À la toute fin des années 80, l'URSS a ouvert ses frontières, puis a permis le libre-échange. Les « touristes » soviétiques affluaient vers l'étranger, raflant tout ce qu'ils trouvaient pour le revendre chez eux, des préservatifs et des saucisses au rouge à lèvres et aux mixers. Les tchelnoks (littéralement vendeurs faisant la navette), comme on les appelait, transportaient les choses non pas dans de lourdes valises, mais dans d'énormes sacs bon marché à carreaux.
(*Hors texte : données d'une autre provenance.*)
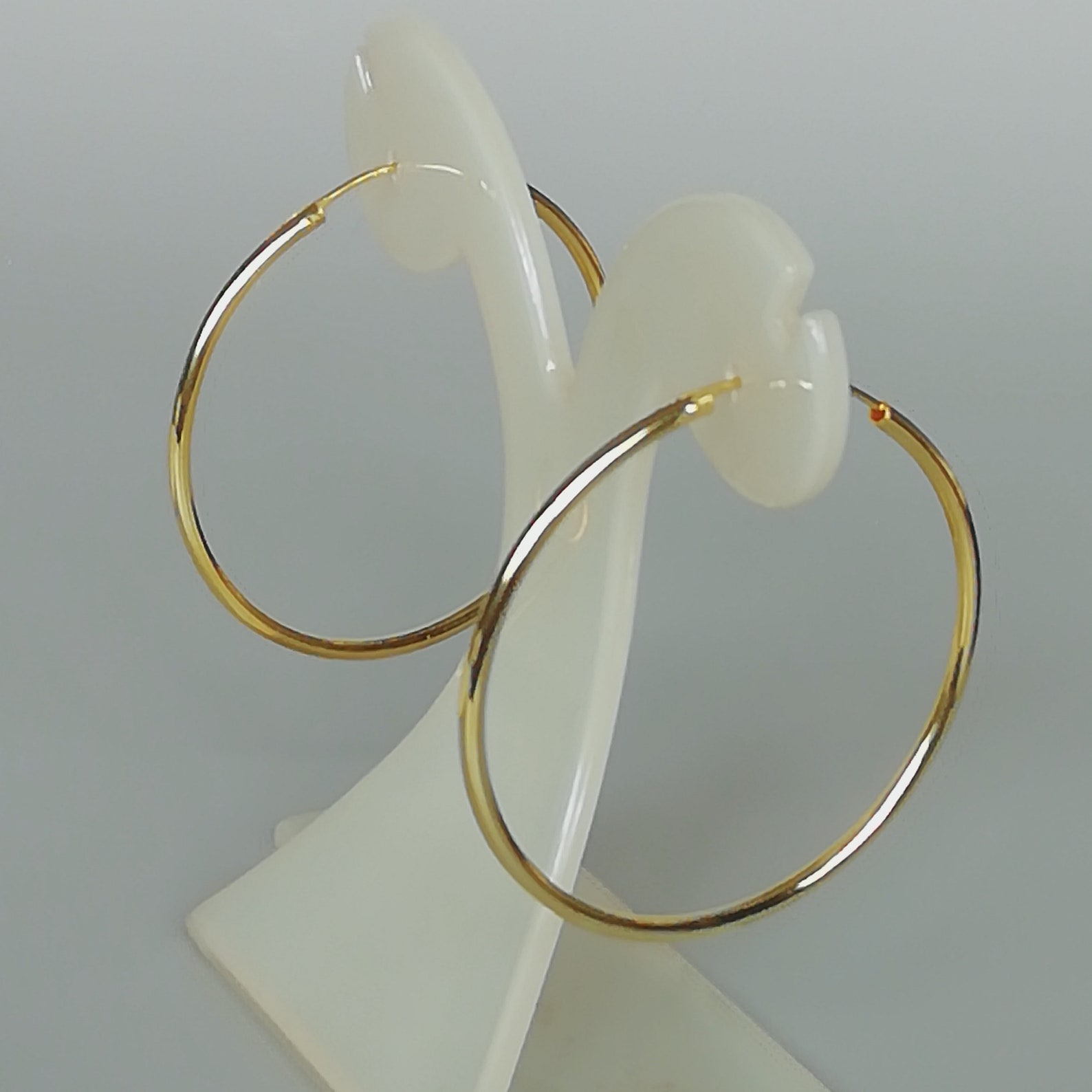 Large Gold Hoop Earrings 45mm Gold Dipped Hoops Endless Etsy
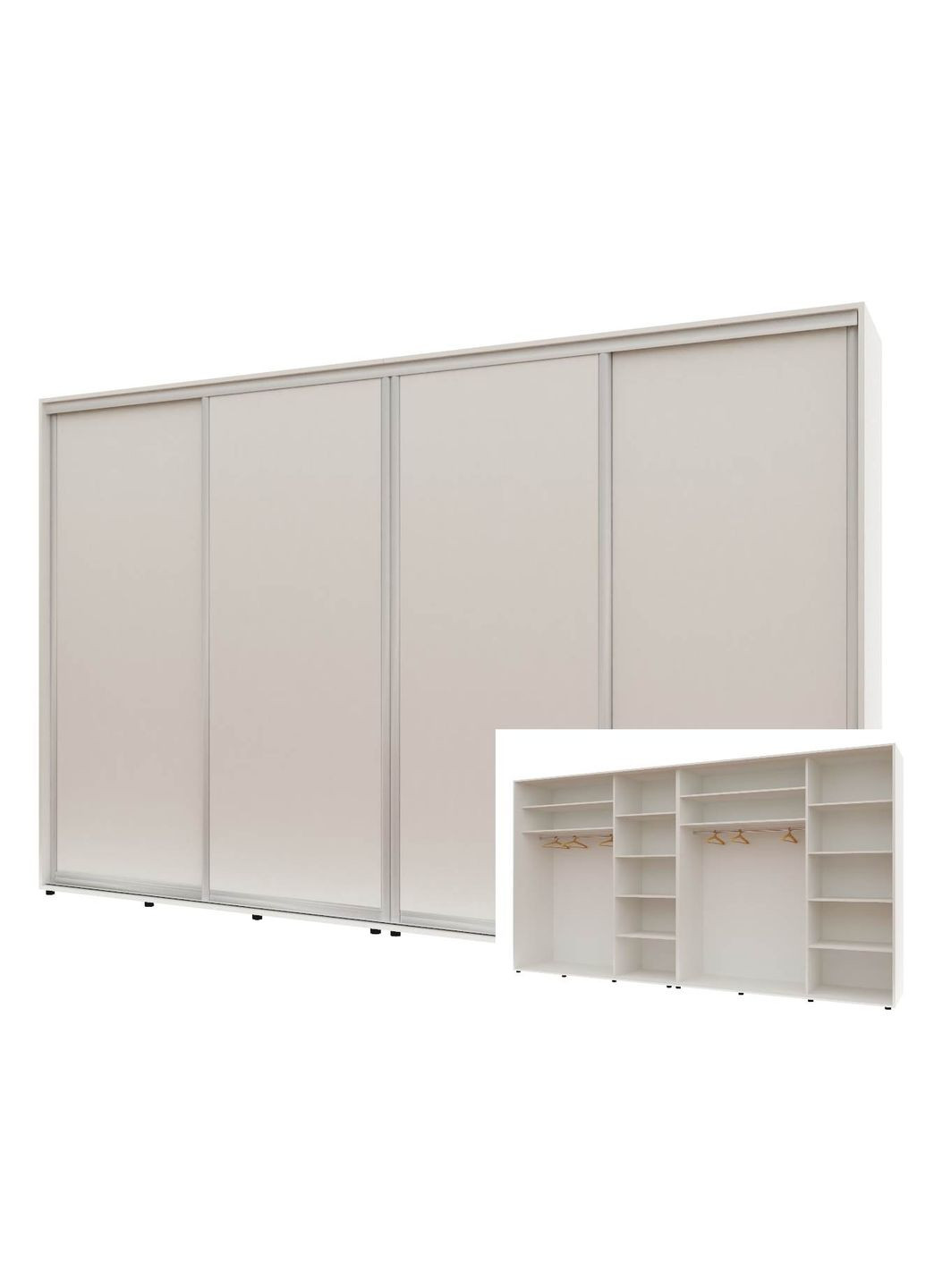 Шафа-купе чотиридверна 380*60*240 см Білий 4 двері ДСП Стандарт Комфорт Меблі (360438506)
Quelques années plus tard, lorsque l'URSS a cessé d'exister et que les républiques ont été plongées dans une grave crise économique, le commerce d’objets étrangers s’est converti en planche salut pour de nombreux citoyens qui avaient perdu leur emploi.
« Ma mère en URSS était une ingénieure avec un revenu stable et des projets de vie clairs, écrit un internaute russe sur un forum. Et puis les années 90 sont arrivées, et elle a comme beaucoup de gens perdu son emploi, avant de faire la "navette", puis d’opérer un retour à la vie normale. Elle se souvient des années 90 comme des premières années durant lesquelles elle a pu respirer librement et commencer à faire des projets d’avenir. Bien que toutes ses connaissances n'aient pas survécu à cette époque ».
Marché de Loujniki, 1966
Valery Khristoforov/TASSAprès l'effondrement de l'URSS, beaucoup se sont retrouvés sans travail : les entreprises d'État n'avaient tout simplement pas d’argent pour verser les salaires ou payaient leurs employés avec leurs propres produits. Étant donné le grand nombre d'usines et de fabriques formant l’épine dorsale économique des villes du pays, l'ampleur de la catastrophe était impressionnante. Les enseignants, les médecins et les ingénieurs d'hier ont été contraints de chercher de nouvelles façons de gagner de l'argent. Un de ces moyens consistait à faire du commerce d’articles étrangers au marché.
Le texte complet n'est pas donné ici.